Nelson wasn’t the only one who wasn’t rushing to the promenade on Saturday. When the fireworks delayed by Friday’s downpours were finally fired off about 9:20 p.m., the half-hour show went without a hitch.
Kevin Cleasby of New Hampshire, who was running a trailer selling french fries, said it was a late-arriving crowd, but business was still good.
Cleasby figured many people held off heading to Munjoy Hill, thinking it would take awhile for the roughly 2 inches of rain that fell overnight to dry off.
“As soon as the sun popped out, the people popped out,” he said.
Cleasby said that if it was ever a good time to have the fireworks delayed, it was this year. The show was originally set for a Friday, and switching it to a Saturday probably wouldn’t inconvenience too many the way a midweek holiday would. He and others also thought the weather, breezy with temperatures in the 70s, was just about ideal.

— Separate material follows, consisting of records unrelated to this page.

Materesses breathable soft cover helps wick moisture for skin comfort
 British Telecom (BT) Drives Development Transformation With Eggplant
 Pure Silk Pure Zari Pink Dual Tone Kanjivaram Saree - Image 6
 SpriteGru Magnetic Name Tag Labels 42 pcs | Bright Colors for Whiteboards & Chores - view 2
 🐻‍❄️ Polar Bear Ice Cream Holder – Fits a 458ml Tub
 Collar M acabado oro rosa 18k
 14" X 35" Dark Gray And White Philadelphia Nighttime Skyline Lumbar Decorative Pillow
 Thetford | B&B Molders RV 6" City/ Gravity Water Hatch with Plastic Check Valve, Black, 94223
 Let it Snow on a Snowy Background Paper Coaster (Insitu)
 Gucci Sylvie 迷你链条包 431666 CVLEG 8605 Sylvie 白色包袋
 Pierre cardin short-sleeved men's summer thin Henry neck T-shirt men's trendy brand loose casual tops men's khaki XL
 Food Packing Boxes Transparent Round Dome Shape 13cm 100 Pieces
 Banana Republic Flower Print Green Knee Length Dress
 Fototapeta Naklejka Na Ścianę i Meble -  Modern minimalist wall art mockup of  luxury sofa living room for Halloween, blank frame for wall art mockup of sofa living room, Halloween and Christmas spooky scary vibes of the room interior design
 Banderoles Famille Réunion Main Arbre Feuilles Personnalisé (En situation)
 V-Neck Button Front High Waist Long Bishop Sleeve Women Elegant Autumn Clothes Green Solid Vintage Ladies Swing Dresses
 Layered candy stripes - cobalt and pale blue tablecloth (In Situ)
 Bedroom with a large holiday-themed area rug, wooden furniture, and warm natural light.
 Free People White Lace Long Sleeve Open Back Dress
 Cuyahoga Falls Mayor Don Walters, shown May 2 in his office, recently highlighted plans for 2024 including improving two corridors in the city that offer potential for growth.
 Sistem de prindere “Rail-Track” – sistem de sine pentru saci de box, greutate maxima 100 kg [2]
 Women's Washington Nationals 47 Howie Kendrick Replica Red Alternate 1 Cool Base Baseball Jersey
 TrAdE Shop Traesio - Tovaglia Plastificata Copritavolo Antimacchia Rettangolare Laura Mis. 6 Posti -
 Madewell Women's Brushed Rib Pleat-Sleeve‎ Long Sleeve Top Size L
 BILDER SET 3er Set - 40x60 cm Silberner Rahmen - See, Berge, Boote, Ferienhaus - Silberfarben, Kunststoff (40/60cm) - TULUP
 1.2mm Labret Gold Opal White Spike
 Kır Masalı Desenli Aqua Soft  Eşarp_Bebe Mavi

That was a big contrast to Friday, when the rain started in the afternoon and fell steadily throughout the night before ending shortly after sunrise Saturday.
Organizers of the Stars and Stripes Spectacular celebration took a look at the forecast, with Hurricane Arthur heading up the coast, and decided on Thursday to push the show back a day.
Seth Vigue said Friday’s rain meant he “sat around inside instead of sitting around outside.”
As for the fireworks, he said, “I had no idea they did this.”
Vigue moved to Munjoy Hill from Farmington last fall and said he learned that he was a few blocks away from one of southern Maine’s biggest fireworks displays only a few days ago. He took a walk to check out the scene late Saturday afternoon, then figured he’d head home for a couple of hours and return around sunset – the advantage of living just a few blocks from the Eastern Prom.
The crowd built slowly Saturday, lawn chairs and blankets beginning to dot the hillside late in the afternoon. A few boats arrived then, too, picking out prime spots to drop an anchor and watch the show from the water side.
In the middle of the Eastern Prom’s hillside, Kristen Chalmers of Peaks Island sat alone with three blankets and a couple of lawn chairs, spread out around her. She was going to watch the show with about 10 friends but had volunteered, as she usually did, to set up ahead of time.
This year, that meant spreading a tarp under the blankets to keep everyone dry in case the grass was still wet.
It was also a melancholy holiday for Chalmers because her father, who would help her scout out a location for the gathering and set up the blankets and chairs, died a few weeks ago, and this was her first time heading up the hill without him.
“He loved this,” she said, looking out onto Casco Bay. “This was his favorite.”